Martyrs everywhere, journalism in Venezuela, and the ‘truth’ on YouTube…

Happy Friday friends,

There are many feasts marked in the calendar today, if you’re keeping track.

It’s the feast of the seven holy founders of the Servites — the Servants of the Blessed Virgin Mary.

If your festal tastes run to the Celtic, today is also the feast of St. Fintan of Clonenagh, who was one of those sixth-century Irish monastics whose faith wasn’t so much formed as forged under severe religious rule and penitential practice, and who did so much to make Ireland a thriving center of evangelization in subsequent centuries.

It is also the feast of Blessed William Richardson of Hallam.
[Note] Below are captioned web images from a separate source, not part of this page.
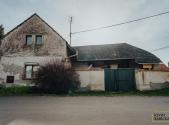 Prodej domu/vily, 75 m²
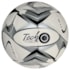 Bola Futebol de Campo Topper Slick Colorful Unissex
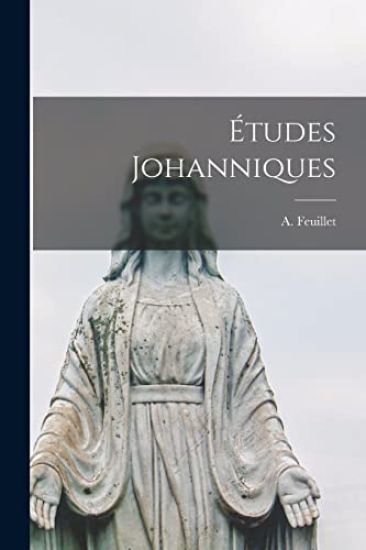 Études Johanniques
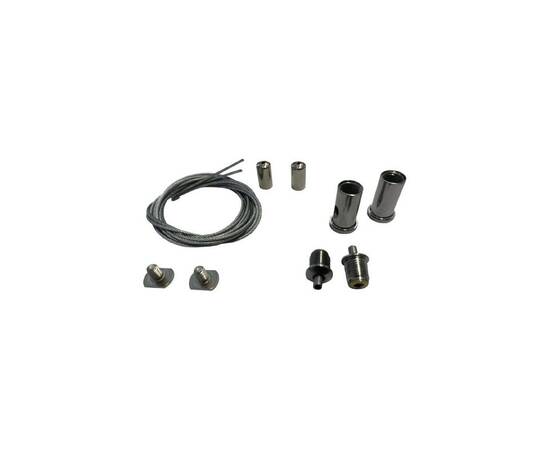 Комплект для монтажа Lightstar Profiled 419070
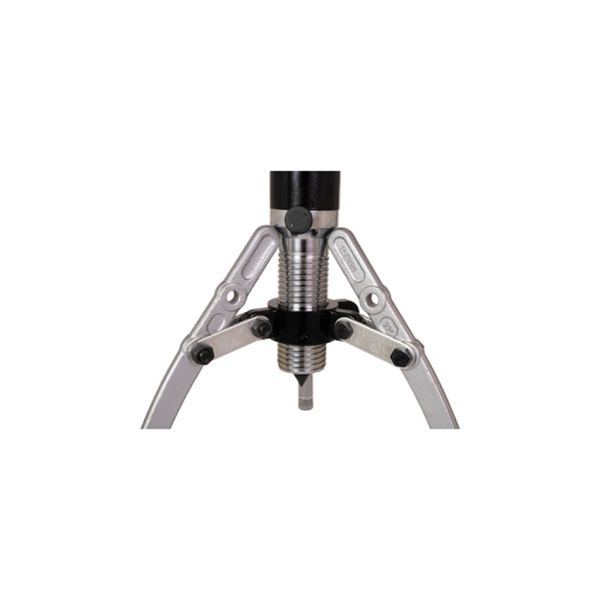 Load image into Gallery viewer, Topgear poelietrekker 10 ton hydraulisch
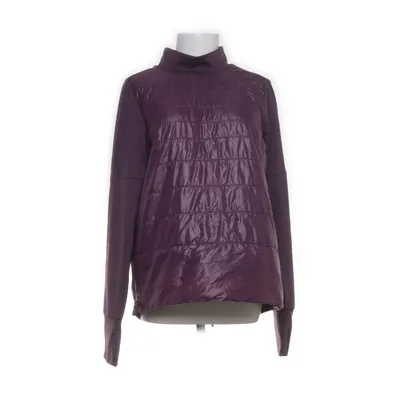 Träningsjacka (Lila) från Pro Touch Elastan, Nylon, Polyester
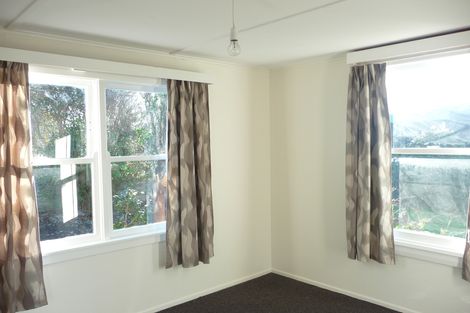 Photo of property in 9 Lloyd George Road, Wainui, Gisborne, 4010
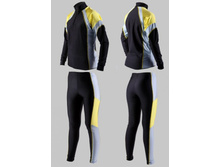 ���������� ������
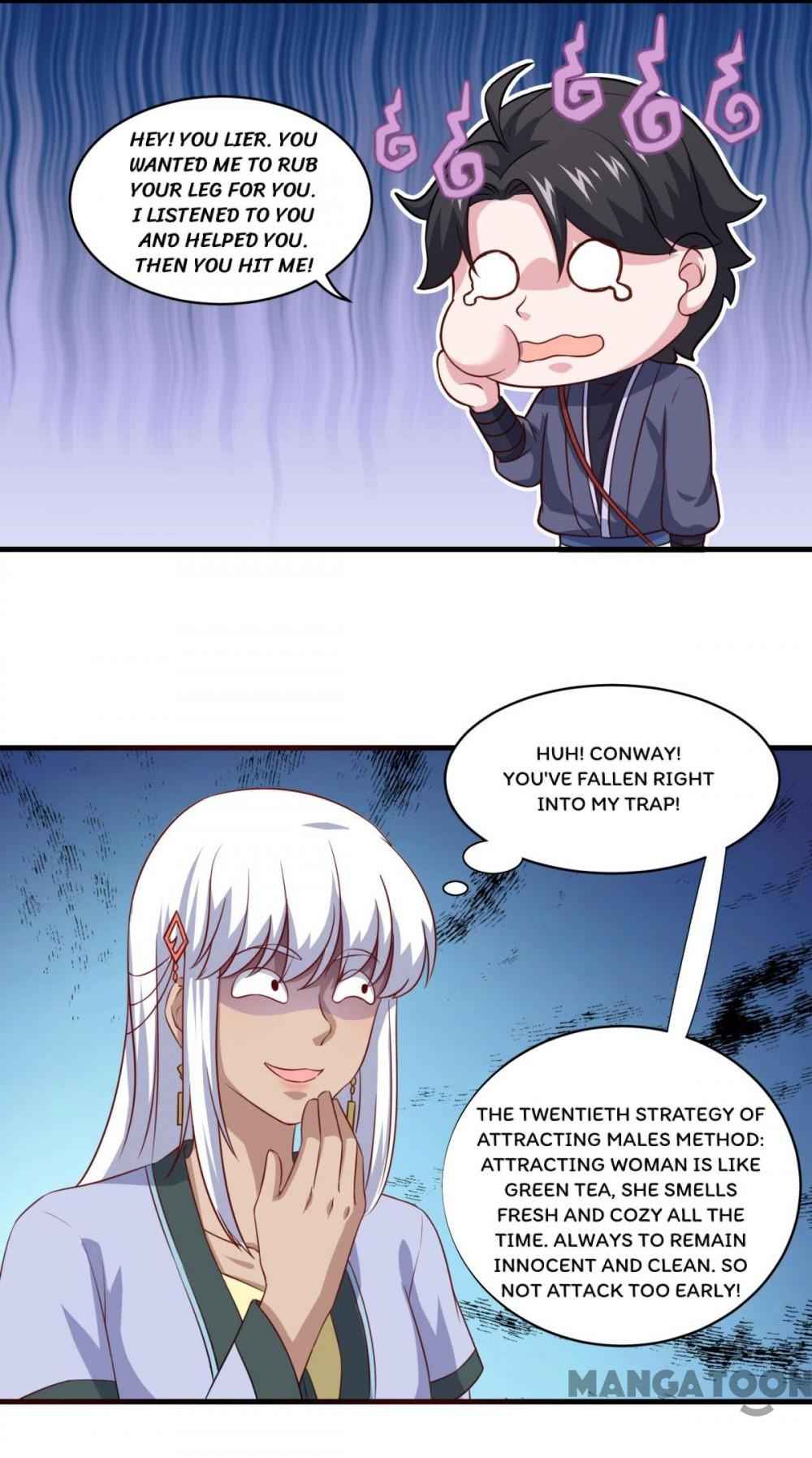 Page 5 of Chapter 101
Born in Yorkshire, he studied for the priesthood in Spain before being sent back to England at the height of the Elizabethan persecution. Once he was back home, he traveled under the name William Anderson but he was soon betrayed and arrested at Gray’s Inn in London.

He was convicted within a week and, according to the enlightened English common law custom, hanged, drawn, and quartered — probably the only method of execution to give the Roman practice of crucifixion and the Chinese death by a thousand cuts a run for their money for sheer barbarity.

Blessed William enjoys the distinction of being the last Catholic to be martyred under the reign of Bloody Queen Bess, who died barely a month after him, in 1603.

I mention William mostly because I had never heard of him until I came to write this newsletter, and yet his martyrdom has surely worked towards the salvation of England — or at least the country’s sparing from Almighty annihilation.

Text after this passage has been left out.